Roy played ok? He had a career night. Dude had 42 points on one of the best shooting nights of his career.

If he can play better than that, then hes ****ing Michael Jordan.

Come on...


----------



## mgb (Jun 26, 2004)

OneBadLT123 said:


> Roy played ok? He had a career night. Dude had 42 points on one of the best shooting nights of his career.
> 
> If he can play better than that, then hes ****ing Michael Jordan.
> 
> Come on...


I did a edit before I seen your post and changed it to played well and mainly to change LA to playing well too. Roy usually has more assists, but I guess I shouldn't be to harsh on him. 

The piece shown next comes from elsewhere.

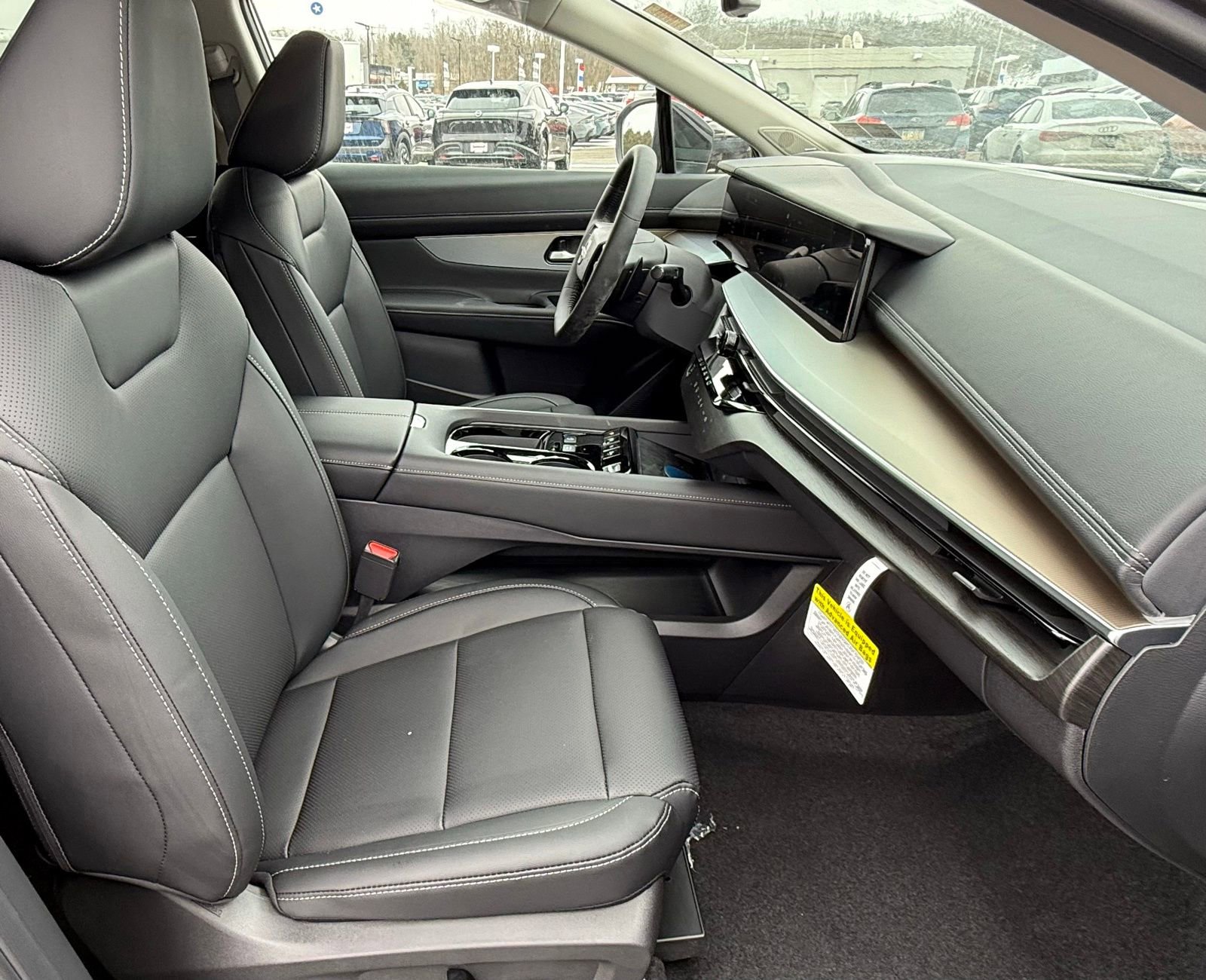 New 2026 Nissan Murano SV AWD/4WD image 16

I didn't think anyone would be up so early and seen my post yet. I haven't went to bed yet.


----------



## Spaceman Spiff (Aug 2, 2006)

mgb said:


> If you think that's the best the Blazers can play you haven't watch the Blazers play much. While they played better than the first game, it's far from their best. Roy and LA played well, but the rest of the team needs to step up and hopefully will.
> 
> I always felt that usually a team is going to lose one at home in a series, what HCA gives you is that you only have to win one on the road instead of two. I'm looking for a split in Houston. IMO if the Blazers can pull off a win on the road the Rockets are going to start doubting themselves and self destruct.
> 
> ...


I expected the Blazers to come out and win this game with someone having a uber-game and it did happen. What I didn't expect is Yao to get less touches than a broke guy in a strip club. I fully expect us to establish Yao early and often like in Game 1 and play through him more. In this game we weathered the storm well up until it was winning time, then guys started trying to be a hero.

We also need to adjust defensively on pick and rolls involving Yao. I been saying that we should be running a man-zone with Battier and Artest on the perimeter covering any picks from Yao's man.


----------



## Cornholio (Feb 13, 2005)

> *Portland 107, Houston 103*
> 
> A raucous crowd (which included organic -- not spurred on by an electronic scoreboard display -- cheers), great announcing (Mike Barrett and Mike Rice might be homers sometimes, but they know the game; and they'll side with the opponents on a ref's call that can go either way), great players, a competitive contest ... pity it didn't get bigger exposure.
> 
> ...


BDL - Behind The Box Score


----------



## Legend-Like (Mar 25, 2006)

Even with all the BS calls, we should have made our free throws.


----------